Google Sheets is the most popular online spreadsheet program in the world.
With it, you can do everything from tracking expenses to writing low-level computer automation software.
You can balance a checkbook, pull information from a website, and everything in between.
But there’s one big problem with Google Sheets. If it’s so in-demand, where are all the Google Sheets lesson plans?
We have your answer!
Below are the three best resources for Google Sheets lesson plans that you can find on the market today.
All of these lessons come from different companies, and they all have different intended audiences.
But they’re still Google Sheets lesson plans, and they’re still helpful in a classroom.
Let’s take a look at each resource individually.
Pros: Made for teachers, easy to use, part of a full Google Apps curriculum
Business&ITCenter21 comes with a Google Sheets Fundamentals module that covers everything a student needs to know about the program.
The module is only intended to cover the basics, though.
That means the more advanced features (like coding and formulas) aren’t covered.
The module is designed that way to keep students from feeling overwhelmed.
Google Sheets is powerful software, even when you take it at face value.
That’s why these lesson plans focus on teaching the “fundamentals” of spreadsheet management, manipulation, and input.
Then, students can take those basics and apply them elsewhere in their lives, including their careers.
In fact, our Google Sheets lesson plans are the only instructional materials that cover Google Sheets specifically for a classroom setting.
That’s not to say this is your only option.
But it’s a good starting point.
These lesson plans let you teach Google Sheets in a way that helps students understand the underlying functionality of the program.
So instead of spoon-feeding tasks to your students, you present problems to them and support students as they work those problems out.
That demands a higher-level thought process than simply following instructions on a website or reading out of a book.
This digital curriculum requires students to exercise the problem-solving portion of their brains. If they don’t, they won’t succeed.
As a result, we’ve had teachers tell us they enjoy this systematic approach to the basics of Google Sheets.
(Plus, we automatically grade assessments and track student performance.)
So overall, these lessons are easy for teachers to use and appropriately challenging for students.
Pros: From Google itself, attractive layout, succinct
Google provides its own instructions on how to use Sheets.
This makes sense considering Google created the software.
But the instructions are only meant to guide you in performing a task.
They’re succinct, sequential, and engaging. But when it comes to teaching, they’re not the best tools.
Still, Google provides some excellent information from the fundamental functions of Google Sheets to the higher-level coding it can handle.
In a nutshell, you get information straight from the horse’s mouth and it covers a huge range of topics.
Despite its depth and breadth, Google’s explanation of Google Sheets isn’t an ideal fit for a classroom.
First, it mostly consists of written instructions that just tell someone how to do something.
It doesn’t require higher-level problem-solving, and it almost totally ignores the learning process altogether.

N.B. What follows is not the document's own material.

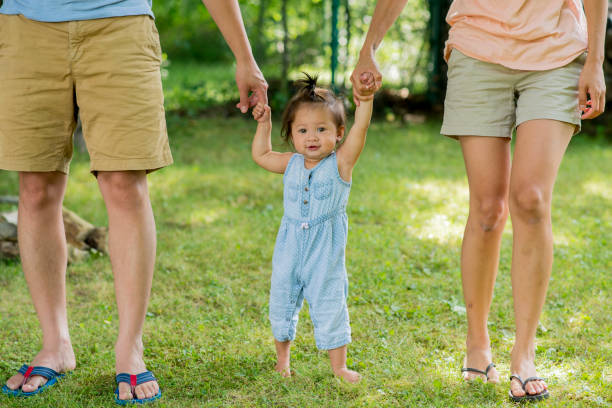 istock Baby Girl Learning to Walk with Help from her Parents 1481026726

That’s because Google is writing its tutorial for common Internet users. This audience wants answers as quickly as possible, regardless of how it’s presented.
In a world of shortening attention spans, that’s great. But in a classroom where students need to concentrate, it’s not always a positive quality.
As a result, you’ll probably have to make your own Google Sheets lesson plans from scratch if you use Google’s explanations as a guide.
That almost defeats the purpose of seeking out lesson plans in the first place.
But on the plus side, the information is free.
Pros: Simple design, covers advanced features, includes mobile usage
Lynda is renowned for some of the most thorough and well-made software tutorials in the world.
Its Google Sheets Essential Training module is one of those tutorials.
This tutorial is wonderful because of its simple design, convenient layout, and scope. It goes so far that it even discusses the Google Sheets mobile app and how to use it.
Even better, the curriculum comes with a time estimate for completion.
In this case, it’s two hours and 50 minutes. That’s not too bad for a classroom, and depending on the length of your class, you could get a lot of value from that.
Best of all, any age group can use these lesson plans to succeed.
Lynda’s tutorial falls short in a few areas.
First, it’s not designed for teachers. Much like Google’s explanation, Lynda’s tutorial is intended for Internet users who want information quickly.
Even with its thorough coverage of Google Sheets as a product, its layout isn’t conducive to classroom use.
In addition, the tutorial was made by an instructional designer who specializes in K-12 grades.
That’s great for primary and secondary teachers, but it could cause trouble for career and technical institutions.
After all, there are differences between K-12 and post-secondary that aren’t always easy to iron out.
Last, the format of the tutorial makes it more conducive to use as homework.
That may work well for some classrooms, but it’s challenging for many students to learn on their own, especially from home.
This format could cause difficulty for teachers with lots of IEP students. On the flip side, it could help some students catch up to or get ahead of the rest of the class.
In reality, it all depends on what you need as a teacher.
The best Google Sheets lesson plan is the one that works best for your needs as a teacher.
If you want simplicity and usability, go with Business&ITCenter21.
If you want information straight from the program’s creators, use Google.
If you want home-based learning, go with Lynda.
Whatever you use, just make sure it’s the right fit for you.